Читаем Струги на Неве. Город и его великие люди полностью

– Барон хитёр! Ведает, что войны выигрывают non solum armis[72], – задумчиво произнёс воевода. – Придут из Швеции рейтары да солдаты, найдут ему в Ругодиве тож малых судов – у купцов да рыбарей отымут – и пойдёт он к Канцам двумя путями: водным и посуху. То, что не удалось прошлый раз, всё учтёт.

– А мы?

– Для того бастиёны ихние и срыли, град изничтожили! Знашь, скока времени истратят шведы, дабы учинить новы шанцы? А мы – Орешком будем. Людей-то мне не шлют! Сам знашь, сколь убили, сколь убёгли. Да и больные есть. Нельзя надолго от крепости войско забирать. И половинить его боле нельзя. Генерал Левенгаупт, бают, под Выборг с армией пришёл. Собрался к Кореле итить. А ну как сперва к Гравию в гости нагрянет?

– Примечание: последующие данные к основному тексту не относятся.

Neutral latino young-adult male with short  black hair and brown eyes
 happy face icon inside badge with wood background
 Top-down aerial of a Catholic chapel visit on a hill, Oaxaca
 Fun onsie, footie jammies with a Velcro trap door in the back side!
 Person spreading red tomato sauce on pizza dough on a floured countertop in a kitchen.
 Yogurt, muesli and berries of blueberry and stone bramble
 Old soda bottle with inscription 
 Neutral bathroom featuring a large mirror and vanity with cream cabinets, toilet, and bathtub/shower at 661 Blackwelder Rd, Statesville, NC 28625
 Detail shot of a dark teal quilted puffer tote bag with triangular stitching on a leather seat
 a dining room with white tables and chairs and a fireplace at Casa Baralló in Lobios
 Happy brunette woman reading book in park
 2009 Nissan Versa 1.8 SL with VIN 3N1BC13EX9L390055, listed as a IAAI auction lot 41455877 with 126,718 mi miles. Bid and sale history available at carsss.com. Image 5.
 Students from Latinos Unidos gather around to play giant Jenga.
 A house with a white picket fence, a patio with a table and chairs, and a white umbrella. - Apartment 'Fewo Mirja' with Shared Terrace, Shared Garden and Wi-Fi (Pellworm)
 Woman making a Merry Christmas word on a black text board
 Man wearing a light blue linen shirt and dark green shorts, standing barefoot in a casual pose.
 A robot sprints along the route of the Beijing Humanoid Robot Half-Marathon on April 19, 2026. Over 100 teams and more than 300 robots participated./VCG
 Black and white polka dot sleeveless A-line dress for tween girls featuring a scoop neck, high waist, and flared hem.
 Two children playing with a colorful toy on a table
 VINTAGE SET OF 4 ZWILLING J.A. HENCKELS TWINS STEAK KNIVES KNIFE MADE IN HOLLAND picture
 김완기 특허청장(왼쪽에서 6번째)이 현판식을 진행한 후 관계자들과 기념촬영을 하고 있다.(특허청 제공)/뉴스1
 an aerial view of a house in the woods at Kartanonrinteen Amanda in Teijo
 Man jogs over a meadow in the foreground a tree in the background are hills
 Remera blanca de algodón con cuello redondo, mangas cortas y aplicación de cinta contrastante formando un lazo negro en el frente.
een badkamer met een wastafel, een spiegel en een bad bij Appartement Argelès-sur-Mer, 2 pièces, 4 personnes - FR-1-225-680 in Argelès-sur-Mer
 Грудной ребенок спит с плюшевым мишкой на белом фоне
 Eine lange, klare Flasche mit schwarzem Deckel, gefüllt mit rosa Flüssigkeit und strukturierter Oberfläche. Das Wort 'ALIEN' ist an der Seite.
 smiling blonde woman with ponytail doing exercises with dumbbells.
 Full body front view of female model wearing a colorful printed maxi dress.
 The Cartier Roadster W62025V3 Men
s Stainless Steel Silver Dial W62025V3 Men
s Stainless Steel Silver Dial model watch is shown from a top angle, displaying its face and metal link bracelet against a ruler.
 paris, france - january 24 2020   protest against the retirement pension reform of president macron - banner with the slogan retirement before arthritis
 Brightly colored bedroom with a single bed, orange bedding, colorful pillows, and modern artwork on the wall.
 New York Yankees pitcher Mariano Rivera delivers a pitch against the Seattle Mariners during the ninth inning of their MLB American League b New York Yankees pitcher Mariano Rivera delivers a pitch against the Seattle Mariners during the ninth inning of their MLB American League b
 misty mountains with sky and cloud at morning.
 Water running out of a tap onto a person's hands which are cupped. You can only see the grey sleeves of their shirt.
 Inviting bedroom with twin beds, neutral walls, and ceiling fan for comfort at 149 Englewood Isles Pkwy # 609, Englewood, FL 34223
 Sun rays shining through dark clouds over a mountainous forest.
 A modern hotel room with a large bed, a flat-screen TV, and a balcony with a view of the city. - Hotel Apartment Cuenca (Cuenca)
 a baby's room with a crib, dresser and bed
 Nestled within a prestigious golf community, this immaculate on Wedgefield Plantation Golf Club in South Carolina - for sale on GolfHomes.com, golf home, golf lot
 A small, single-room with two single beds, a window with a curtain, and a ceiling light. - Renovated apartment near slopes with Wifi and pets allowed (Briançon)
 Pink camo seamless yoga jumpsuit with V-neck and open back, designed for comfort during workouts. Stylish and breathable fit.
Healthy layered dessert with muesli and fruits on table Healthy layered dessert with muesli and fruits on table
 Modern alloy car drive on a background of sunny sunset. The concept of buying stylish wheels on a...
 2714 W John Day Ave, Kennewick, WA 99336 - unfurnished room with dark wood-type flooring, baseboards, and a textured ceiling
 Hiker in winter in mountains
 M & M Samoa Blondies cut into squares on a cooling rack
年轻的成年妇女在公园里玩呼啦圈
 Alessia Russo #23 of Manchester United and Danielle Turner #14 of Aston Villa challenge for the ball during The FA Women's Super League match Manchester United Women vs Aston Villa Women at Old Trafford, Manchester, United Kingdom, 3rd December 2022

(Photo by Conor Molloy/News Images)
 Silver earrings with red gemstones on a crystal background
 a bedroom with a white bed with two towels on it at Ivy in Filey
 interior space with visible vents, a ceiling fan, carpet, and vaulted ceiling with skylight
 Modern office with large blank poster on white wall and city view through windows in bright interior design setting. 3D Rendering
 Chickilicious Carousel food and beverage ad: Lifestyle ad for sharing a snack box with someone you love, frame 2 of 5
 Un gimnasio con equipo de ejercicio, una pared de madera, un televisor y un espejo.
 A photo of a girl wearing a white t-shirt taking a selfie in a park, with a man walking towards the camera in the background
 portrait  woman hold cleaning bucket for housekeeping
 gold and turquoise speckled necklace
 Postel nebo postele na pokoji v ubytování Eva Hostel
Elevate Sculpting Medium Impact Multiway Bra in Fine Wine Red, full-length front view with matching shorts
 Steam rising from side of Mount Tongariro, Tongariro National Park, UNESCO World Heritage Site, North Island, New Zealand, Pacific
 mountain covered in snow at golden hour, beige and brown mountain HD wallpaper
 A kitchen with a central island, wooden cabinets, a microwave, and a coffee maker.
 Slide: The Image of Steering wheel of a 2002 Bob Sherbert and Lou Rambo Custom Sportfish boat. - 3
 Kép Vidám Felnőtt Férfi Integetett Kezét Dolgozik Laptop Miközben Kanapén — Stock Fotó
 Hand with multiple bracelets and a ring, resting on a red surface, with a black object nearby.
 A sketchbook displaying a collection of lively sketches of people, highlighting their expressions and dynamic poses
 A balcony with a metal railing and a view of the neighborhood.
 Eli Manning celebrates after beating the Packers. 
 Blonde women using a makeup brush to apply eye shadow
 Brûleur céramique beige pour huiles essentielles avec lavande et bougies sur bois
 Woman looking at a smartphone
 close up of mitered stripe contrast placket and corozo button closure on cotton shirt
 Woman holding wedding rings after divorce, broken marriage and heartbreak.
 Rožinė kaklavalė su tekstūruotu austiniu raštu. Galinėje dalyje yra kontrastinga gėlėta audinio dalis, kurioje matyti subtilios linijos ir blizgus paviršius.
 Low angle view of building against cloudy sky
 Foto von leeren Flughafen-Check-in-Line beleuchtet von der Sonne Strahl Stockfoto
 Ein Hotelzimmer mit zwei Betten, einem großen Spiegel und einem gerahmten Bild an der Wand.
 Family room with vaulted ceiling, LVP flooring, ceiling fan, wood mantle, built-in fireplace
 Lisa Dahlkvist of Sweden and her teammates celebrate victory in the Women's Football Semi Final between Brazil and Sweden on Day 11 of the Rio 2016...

– Верно. К тому ж там книги ваши.

– Нет тама и на Москве главной книги, – вздохнул Потёмкин.

– Как нету. Библия… – подскочил на барабане парень, решив, что воевода болен, раз позабыл о самой ценной во всех отношениях книге – ветхой Библии, чуть ли не ровеснице ордынского нашествия.

– Библия боле нежели книга! – Потёмкин встал, перекрестился и вновь присел на барабан. – А мне «История» Ливия надобна! Потому и латынь постигаю!

– Дабы узнать историю какого-то Ливия?

– Да не его, а мою, Васка! – рассмеялся Потёмкин. – Ливий был крепкоумный латинянин. При самом Августе жил, историю Рима писал.

– Рим-то далече, – резонно заметил попович.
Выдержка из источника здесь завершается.